(SOURCE DATA Opens)
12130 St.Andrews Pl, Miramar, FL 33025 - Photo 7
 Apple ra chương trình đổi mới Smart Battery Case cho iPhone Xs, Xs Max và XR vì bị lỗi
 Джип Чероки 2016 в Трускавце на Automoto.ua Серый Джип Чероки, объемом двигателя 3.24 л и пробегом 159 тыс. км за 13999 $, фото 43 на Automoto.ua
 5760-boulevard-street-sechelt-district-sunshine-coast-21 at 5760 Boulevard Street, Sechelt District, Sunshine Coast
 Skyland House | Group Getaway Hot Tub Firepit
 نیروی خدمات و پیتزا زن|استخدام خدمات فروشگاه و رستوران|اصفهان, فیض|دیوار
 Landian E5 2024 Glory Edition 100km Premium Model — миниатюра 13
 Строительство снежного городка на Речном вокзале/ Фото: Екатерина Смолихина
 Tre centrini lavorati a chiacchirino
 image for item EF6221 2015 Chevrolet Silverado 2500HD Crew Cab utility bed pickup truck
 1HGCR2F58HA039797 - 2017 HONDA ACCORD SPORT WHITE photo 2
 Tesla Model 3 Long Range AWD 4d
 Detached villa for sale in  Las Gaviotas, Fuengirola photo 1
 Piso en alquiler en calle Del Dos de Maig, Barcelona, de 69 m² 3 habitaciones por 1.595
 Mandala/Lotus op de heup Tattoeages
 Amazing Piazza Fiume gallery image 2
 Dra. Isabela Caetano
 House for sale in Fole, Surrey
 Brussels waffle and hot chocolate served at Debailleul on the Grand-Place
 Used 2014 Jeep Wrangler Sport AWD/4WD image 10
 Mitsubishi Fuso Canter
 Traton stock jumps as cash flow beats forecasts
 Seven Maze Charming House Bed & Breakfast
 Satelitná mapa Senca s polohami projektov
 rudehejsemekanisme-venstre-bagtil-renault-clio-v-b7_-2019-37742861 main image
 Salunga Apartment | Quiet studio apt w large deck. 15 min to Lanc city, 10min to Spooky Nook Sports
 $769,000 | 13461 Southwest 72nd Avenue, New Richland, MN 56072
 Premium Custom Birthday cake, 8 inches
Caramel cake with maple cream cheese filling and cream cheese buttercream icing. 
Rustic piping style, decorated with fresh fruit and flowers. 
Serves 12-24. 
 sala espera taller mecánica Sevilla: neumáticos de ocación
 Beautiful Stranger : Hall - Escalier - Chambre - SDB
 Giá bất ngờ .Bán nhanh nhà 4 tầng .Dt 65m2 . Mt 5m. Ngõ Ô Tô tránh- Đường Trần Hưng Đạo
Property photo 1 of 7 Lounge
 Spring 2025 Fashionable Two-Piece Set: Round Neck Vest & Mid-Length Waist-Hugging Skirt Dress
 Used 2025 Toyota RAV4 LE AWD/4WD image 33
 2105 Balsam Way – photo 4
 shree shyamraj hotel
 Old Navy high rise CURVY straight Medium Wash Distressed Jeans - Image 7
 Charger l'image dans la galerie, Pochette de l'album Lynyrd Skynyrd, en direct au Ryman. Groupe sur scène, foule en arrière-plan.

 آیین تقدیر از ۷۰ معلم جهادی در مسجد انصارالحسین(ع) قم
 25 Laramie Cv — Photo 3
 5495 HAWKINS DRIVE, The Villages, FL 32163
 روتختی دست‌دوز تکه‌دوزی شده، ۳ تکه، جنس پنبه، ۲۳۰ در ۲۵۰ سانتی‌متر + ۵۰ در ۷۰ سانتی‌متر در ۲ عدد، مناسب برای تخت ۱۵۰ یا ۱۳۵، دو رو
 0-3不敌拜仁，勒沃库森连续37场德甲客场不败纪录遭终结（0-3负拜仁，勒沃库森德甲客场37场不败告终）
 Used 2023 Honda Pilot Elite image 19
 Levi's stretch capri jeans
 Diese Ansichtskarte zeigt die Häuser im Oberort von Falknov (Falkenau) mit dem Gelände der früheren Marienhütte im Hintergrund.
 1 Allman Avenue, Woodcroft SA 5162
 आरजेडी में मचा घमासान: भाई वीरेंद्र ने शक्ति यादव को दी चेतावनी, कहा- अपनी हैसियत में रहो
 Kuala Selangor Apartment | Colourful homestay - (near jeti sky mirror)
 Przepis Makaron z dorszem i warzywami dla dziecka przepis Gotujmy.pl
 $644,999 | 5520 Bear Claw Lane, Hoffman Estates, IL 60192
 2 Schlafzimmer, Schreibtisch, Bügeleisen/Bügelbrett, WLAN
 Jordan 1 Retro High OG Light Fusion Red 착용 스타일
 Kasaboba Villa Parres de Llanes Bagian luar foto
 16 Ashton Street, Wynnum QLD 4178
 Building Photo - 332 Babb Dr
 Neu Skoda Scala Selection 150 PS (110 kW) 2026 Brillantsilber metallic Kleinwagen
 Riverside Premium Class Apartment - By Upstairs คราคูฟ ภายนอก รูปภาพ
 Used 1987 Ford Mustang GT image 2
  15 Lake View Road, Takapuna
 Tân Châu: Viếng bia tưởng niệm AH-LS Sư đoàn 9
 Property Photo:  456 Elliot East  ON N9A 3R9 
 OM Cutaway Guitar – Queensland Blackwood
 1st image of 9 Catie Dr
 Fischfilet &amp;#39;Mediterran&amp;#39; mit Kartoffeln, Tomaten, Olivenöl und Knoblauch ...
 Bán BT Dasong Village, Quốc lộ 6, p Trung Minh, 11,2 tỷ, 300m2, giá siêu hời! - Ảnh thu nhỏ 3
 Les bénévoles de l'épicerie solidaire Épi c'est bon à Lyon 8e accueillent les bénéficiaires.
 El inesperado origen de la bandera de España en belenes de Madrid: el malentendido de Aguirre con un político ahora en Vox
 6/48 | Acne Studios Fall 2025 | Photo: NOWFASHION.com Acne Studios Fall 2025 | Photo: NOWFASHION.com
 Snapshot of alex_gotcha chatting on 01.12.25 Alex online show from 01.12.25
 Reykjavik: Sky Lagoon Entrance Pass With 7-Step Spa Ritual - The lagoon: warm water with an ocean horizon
(SOURCE DATA Closes)
◆ TASK DESCRIPTION: Your answer should consist only of the lines above between the line holding "Caramel cake with" and the line holding "روتختی دست‌دوز تکه‌دوزی", inclusive, each transcribed exactly.

◆ RESPONSE TO THIS EXERCISE:
Caramel cake with maple cream cheese filling and cream cheese buttercream icing. 
Rustic piping style, decorated with fresh fruit and flowers. 
Serves 12-24. 
 sala espera taller mecánica Sevilla: neumáticos de ocación
 Beautiful Stranger : Hall - Escalier - Chambre - SDB
 Giá bất ngờ .Bán nhanh nhà 4 tầng .Dt 65m2 . Mt 5m. Ngõ Ô Tô tránh- Đường Trần Hưng Đạo
Property photo 1 of 7 Lounge
 Spring 2025 Fashionable Two-Piece Set: Round Neck Vest & Mid-Length Waist-Hugging Skirt Dress
 Used 2025 Toyota RAV4 LE AWD/4WD image 33
 2105 Balsam Way – photo 4
 shree shyamraj hotel
 Old Navy high rise CURVY straight Medium Wash Distressed Jeans - Image 7
 Charger l'image dans la galerie, Pochette de l'album Lynyrd Skynyrd, en direct au Ryman. Groupe sur scène, foule en arrière-plan.

 آیین تقدیر از ۷۰ معلم جهادی در مسجد انصارالحسین(ع) قم
 25 Laramie Cv — Photo 3
 5495 HAWKINS DRIVE, The Villages, FL 32163
 روتختی دست‌دوز تکه‌دوزی شده، ۳ تکه، جنس پنبه، ۲۳۰ در ۲۵۰ سانتی‌متر + ۵۰ در ۷۰ سانتی‌متر در ۲ عدد، مناسب برای تخت ۱۵۰ یا ۱۳۵، دو رو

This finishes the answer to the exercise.